After witnessing the pain and trauma of the circumcision of a newborn baby boy when she was a nursing student at Marin College, Milos learned everything she could about why infants were subjected to such brutal surgery. The more she read and discovered, the more convinced she became that circumcision had no medical benefits. As a nurse on the obstetrical unit at Marin General Hospital, she committed to making sure parents understood what circumcision entailed before signing a consent form. Considered an agitator and forced to resign in 1985, she co-founded NOCIRC (National Organization of Circumcision Information Resource Centers) and began organizing international symposia on circumcision, genital autonomy, and human rights. Milos edited and published the proceedings from the above-mentioned symposia and has written numerous articles in her quest to end circumcision and protect children’s bodily integrity. She currently serves on the board of directors of Intact America.

Georganne

Georganne Chapin is a healthcare expert, attorney, social justice advocate, and founding executive director of Intact America, the nation’s most influential organization opposing the U.S. medical industry’s penchant for surgically altering the genitals of male children (“circumcision”). Under her leadership, Intact America has definitively documented tactics used by U.S. doctors and healthcare facilities to pathologize the male foreskin, pressure parents into circumcising their sons, and forcibly retract the foreskins of intact boys, creating potentially lifelong, iatrogenic harm. 

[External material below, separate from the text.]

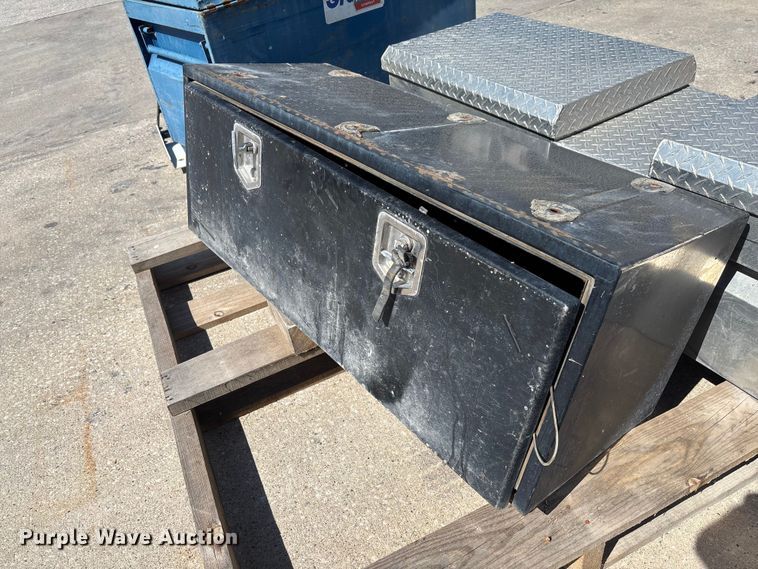 image for item FC5763 Truck parts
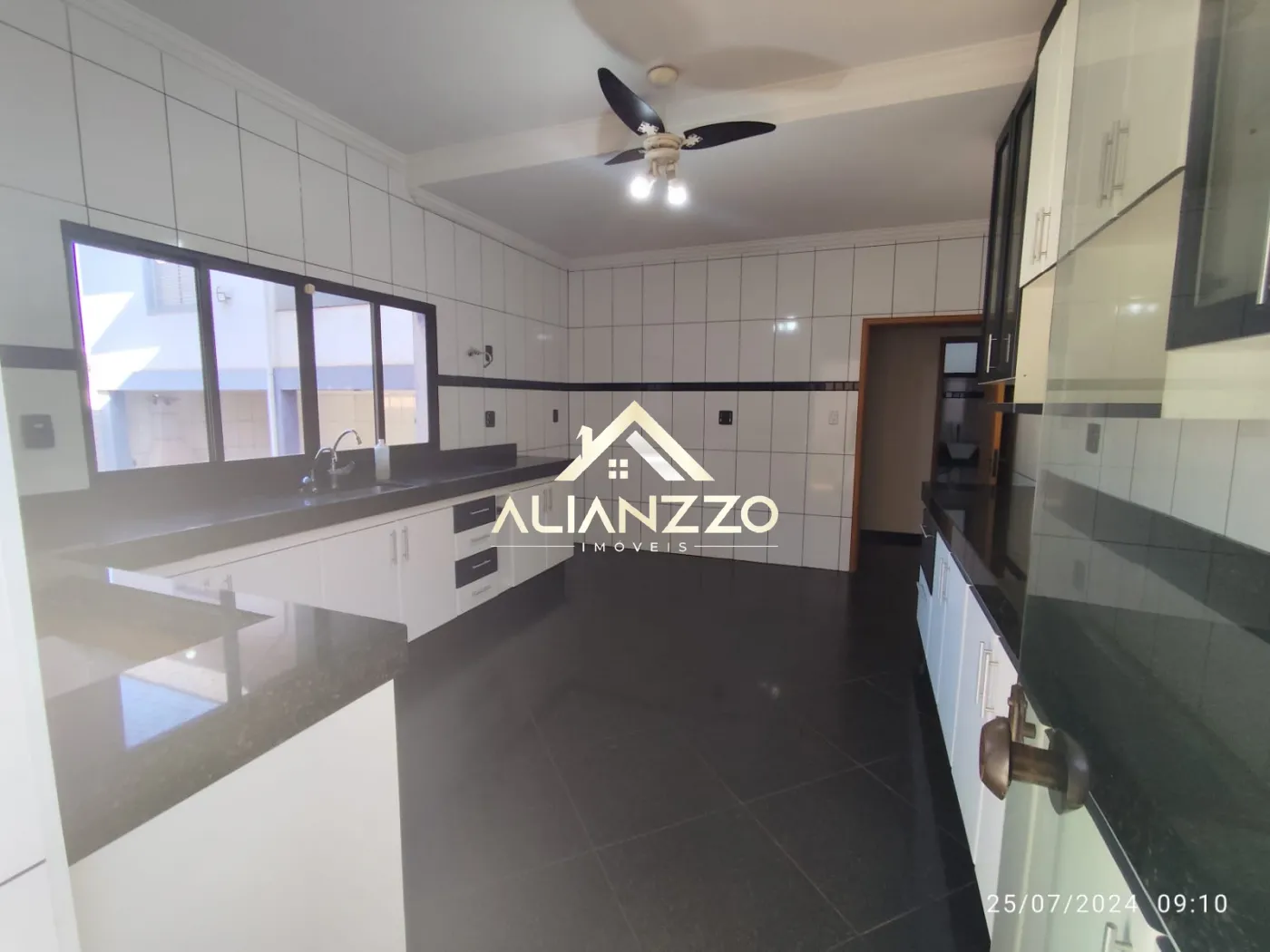 Comprar Casa / Padrão em Ribeirão Preto R$ 1.200.000,00 - Foto 4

Chapin holds a BA in Anthropology from Barnard College, and a Master’s degree in Sociomedical Sciences from Columbia University. For 25 years, she served as president and chief executive officer of Hudson Health Plan, a nonprofit Medicaid insurer in New York’s Hudson Valley. Mid-career, she enrolled in an evening law program, where she explored the legal and ethical issues underlying routine male circumcision, a subject that had interested her since witnessing the aftermath of the surgery conducted on her younger brother. She received her Juris Doctor degree from Pace University School of Law in 2003, and was subsequently admitted to the New York Bar. As an adjunct professor, she taught Bioethics and Medicaid and Disability Law at Pace, and Bioethics in Dominican College’s doctoral program for advanced practice nurses.

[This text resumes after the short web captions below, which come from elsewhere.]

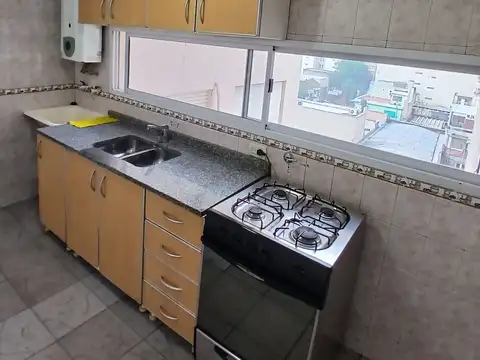 Departamento en Alquiler en Lanus Este, $ 400.000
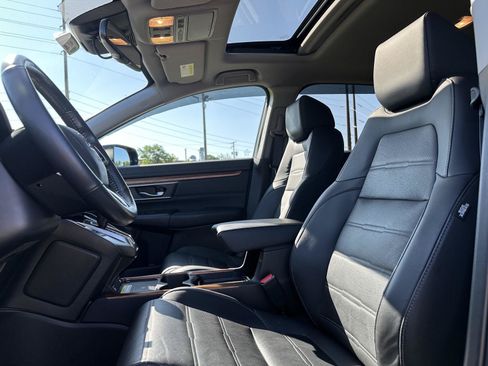Used 2020 Honda CR-V Touring image 11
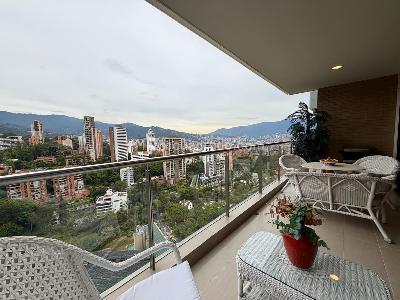 Apartamento de 3 alcobas en venta en Transversal Inferior, Medellín, 143 m² · foto 4 de 12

In 2004, Chapin founded the nonprofit Hudson Center for Health Equity and Quality, a company that designs software and provides consulting services designed to reduce administrative complexities, streamline and integrate data collection and reporting, and enhance access to care for those in need. In 2008, she co-founded Intact America.

Chapin has published many articles and op-ed essays, and has been interviewed on local, national and international television, radio and podcasts about ways the U.S. healthcare system prioritizes profits over people’s basic needs. She cites routine (nontherapeutic) infant circumcision as a prime example of a practice that wastes money and harms boys and the men they will become. This Penis Business: A Memoir is her first book.